Gratki. Należy jednak pamiętać, że zawsze znajdzie się ktoś, kto jest biedniejszy od ciebie. Może więc warto się zrewanżować i z kolei zostać kolegą jakiegoś osiedlowego Mietka, dla którego twój Xbox One i podświetlany kibel będą szczytem gadżeciarstwa?
Dokładnie i w nagrodę za taką uprzejmość zrobi Gęstemu najlepszego drina z taniego wina.
Widzę, że ilość zazdrośników level hard
ja wiem, ze Ty masz troche zaburzone postrzeganie wartosci i swiata ogolnie, ale musisz zrozumiec, ze nie dla kazdego gadzety i karty graficzne sa sensem zycia - istnieje jeszcze cos takiego jak przyzwoitosc.
A kto tu mówi o gadżetach? Widzę, że zazdrościcie mu faktu, że mimo swojej sytuacji chłopak radzi sobie lepiej niż połowa komentujących i widzę, że z tobą na czele.

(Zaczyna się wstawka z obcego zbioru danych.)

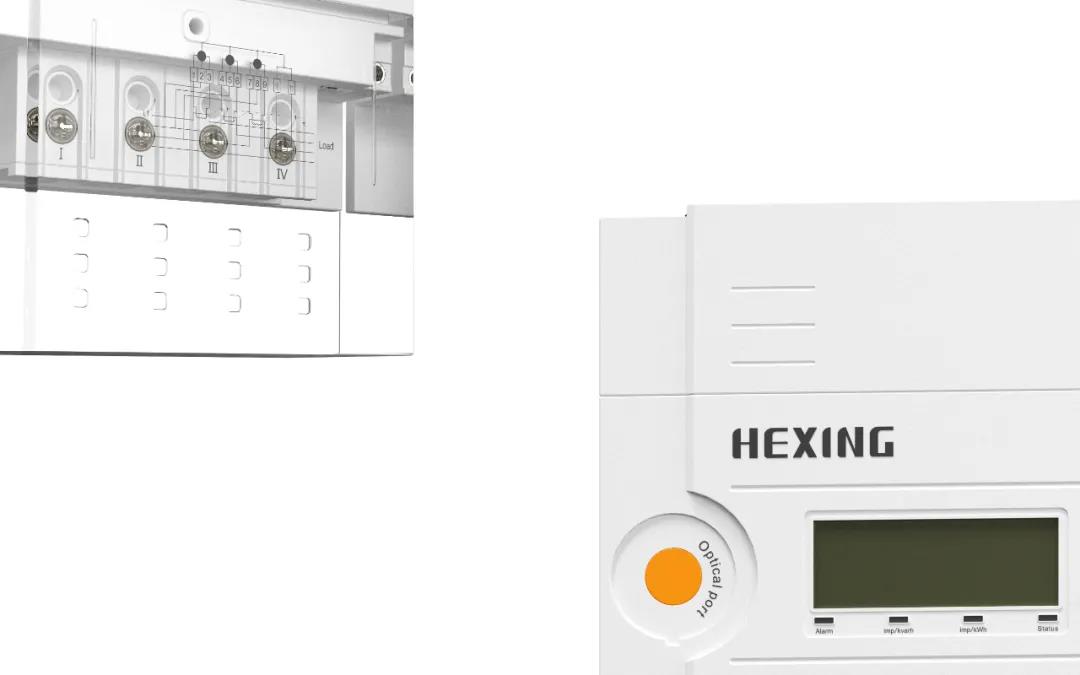 Haixing guideway watch design | new upgrade of product image，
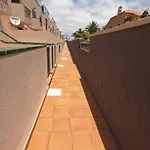 Casa Montana Amarilla 60 Lägenhet
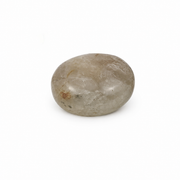 Golden Healer Quartz Palm Stone - 1.5-2.0 inch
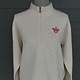 League Adult Quilted 1/4 Zip LHP logo 24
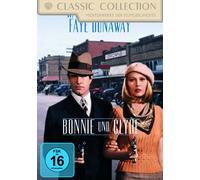 Bonnie und Clyde – Warner Bros. – Collection classique – Édition importée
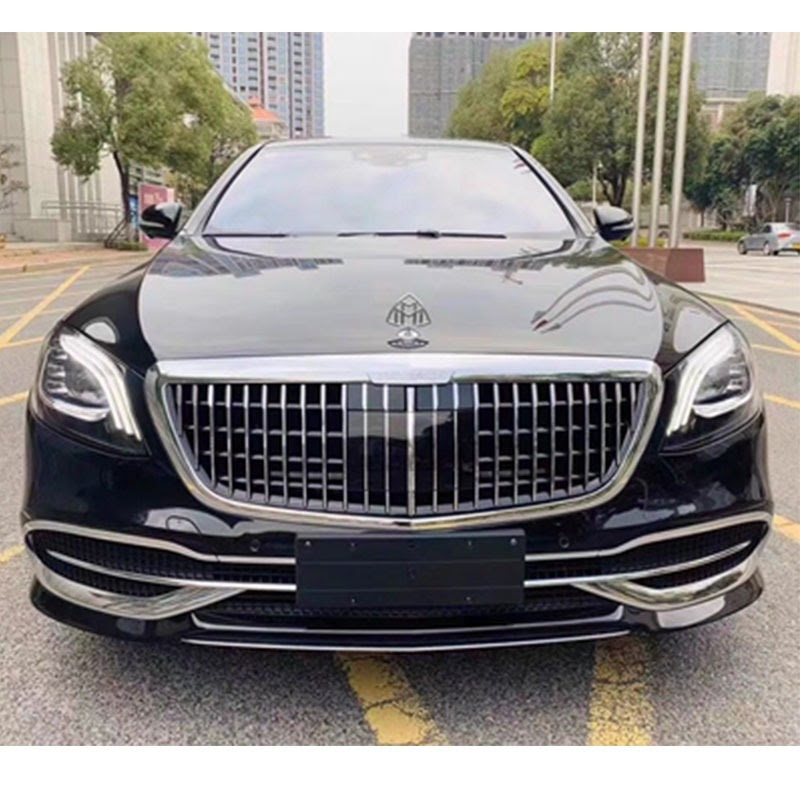 Mercedes-AMG-Performance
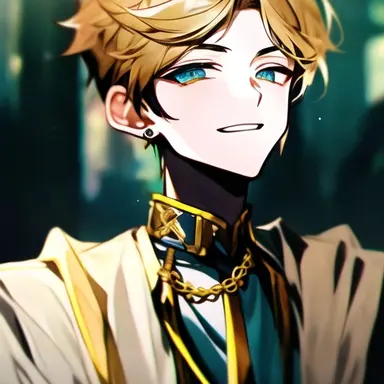 Profile image of Sebas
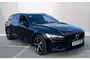 2025 Volvo V60 2.0 T8 [455] PHEV Ultra Dark 5dr AWD Auto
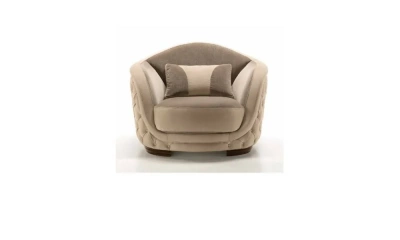 Кресло Bedding Gentleman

I nie zasłaniaj mi się przyzwoitością, bo to zalatuje hipokryzją
tak jak mowie - "radzenie" sobie to nie wszystko, jest jeszcze przyzwoitosc. zreszta, cmon, jak podotykasz drona kolegi to nie znaczy, ze sobie "radzisz".
no i mi gadzetow nie brakuje, komentujacym tez nie.
I nie zasłaniaj mi się przyzwoitością, bo to zalatuje hipokryzją
rozwin temat, chetnie poslucham.
jest jeszcze przyzwoitosc
Na tym forum nie ma czegoś takiego
jak podotykasz drona kolegi to nie znaczy, ze sobie "radzisz".
Dzisiaj dron, jutro jego samochód.
O ile mnie to nie dotyczy (zwłaszcza w kwestii samochodu, ponieważ nie potrzebuję innego niż ten, który posiadam i z którego posiadanie jestem dumny, mimo, że nie jest to Top shelf) bo nie potrzebuję niczego ponad to, co mam, to jednak to....
no i mi gadzetow nie brakuje, komentujacym tez nie.
Dobry żart, ale z drugiej strony zawsze przyda mi się odrobina poczucia humoru
Ale wiesz co Zielele, on może mieć racje. Zwłaszcza osoby które są wykończone swoją pracą zawodową a nie mają czasu albo nie spina się im budżet na takie małe rozrywki, faktycznie mogę mu zazdrościć. Chłop ma 30 pare lat, nic nie robił całe życie a ostatecznie jakoś sobie żyje i wcale nie kompletnie beznadziejnie. Przynajmniej z jego perspektywy.
Ja tam np. nigdy się nie bawiłem żadnym dronem ale to raczej dlatego, że to mnie jakoś nie kręci. Za to mam kompletnie niepotrzebny zbiór większości replik piłek z mundialów i euro w XXI wieku, koszulki z nazwiskami ulubionych piłkarzy, sam kopie w klubie na najniższym poziomie co się wiąże z jakimiś tam małymi kosztami, z parę tysięcy poszło też na karnety na siłownie drugie tyle na własny sprzęt etc etc na steamie, gogu i EA app mam dużą kupę wstydu, wydaje sporo na podróże po świecie :D A z drugiej strony ojciec załamuje ręce, że nie zmienię swojego kilkunastoletniego volkswagena na coś nowszego a mi zwyczajnie szkoda na to kasy bo z 30-40 tys. musiałbym wydać.
Tak, że każdy wydaje na co chce z tym, że zakładanie takich wątków jest niejako wystawianiem się na pośmiewisko. Po co się chwalić tym, że się naciąga kolega na jakieś swoje zajawki? Serio nie stać go, żeby się chociaż odrpbine dołożyć czy coś? A jeśli nie to nie stać go żeby zostawić to dla siebie tylko się tym chwali jak jakimś życiowym sukcesem.
Jak przeczytałem pierwszy wpis pierwsza myśl "no nie, on na stówę trolluje"
Jak mu sprawia radość robienie z siebie pośmiewiska to niech może zainwestuje w kamery i zrobi ze swojego domu zoo jak pewien prezydent z białegostoku.